HI I am looking for a walking group to join. Rambling is a love of mine anyway and as I am new to Spain think this would be a great way of seeing my local area and make new friends. I live near Pinoso, 40 mins west of ALicante and I'm physically quite strong for a lady in her forties so could tackle quite hard terrain!  Any suggestions most welcomed.


----------



## Jumar (Mar 14, 2012)

MickyD said:


> HI I am looking for a walking group to join. Rambling is a love of mine anyway and as I am new to Spain think this would be a great way of seeing my local area and make new friends. I live near Pinoso, 40 mins west of ALicante and I'm physically quite strong for a lady in her forties so could tackle quite hard terrain!  Any suggestions most welcomed.


There are (or at least used to be) many different walking groups operating in the Alicante region. One of these is the Costa Blanca Mountain Walkers. Google them for more info. Some of the other walking groups were mixed nationalities, mainly organised by Germans and Dutch walkers but open to all. 

We walk in the Murcia region, not an organised group but just a few Brits and Spanish friends (who need showing the way).

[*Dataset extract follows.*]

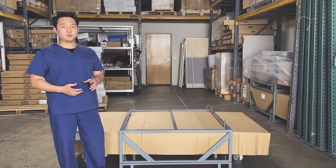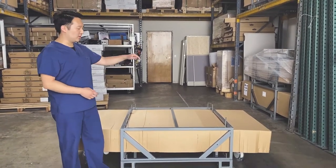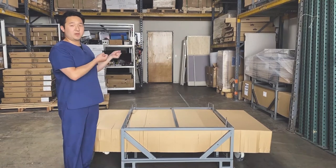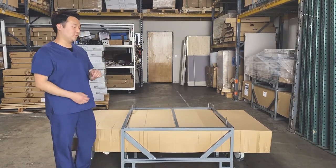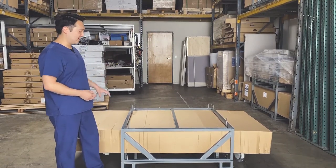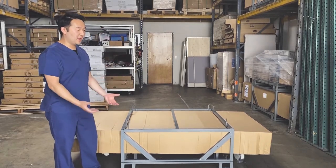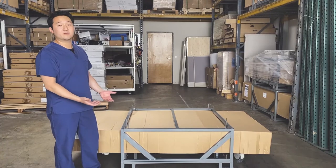After you've unscrewed all four screws in each corner of the metal frame, you will be taking off the top part of the metal frame — that requires two people. Then we're also going to be taking off the top part of the big box and removing the bed from the bottom part of the metal frame.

We once walked with an old ex Shepherd who told us all about the ruins and snow wells in Sierra Espuña and made the walk much more interesting.

Good luck in finding a group as it is a very good way to learn about the areas you are walking in.


----------



## Guest (May 22, 2012)

Just watch out for the creepie crawlies ) x
http://www.practicalspain.com/spanish-arthropods.htm


----------



## Pesky Wesky (May 10, 2009)

jojuanita said:


> Just watch out for the creepie crawlies ) x
> Dangerous Creepy Crawlies in Spain - caution for children and pets


And the heat!
Never underestimate it!
But I do agree with Jaws; it's an excellent way to gain more appreciation of our surroundings.


----------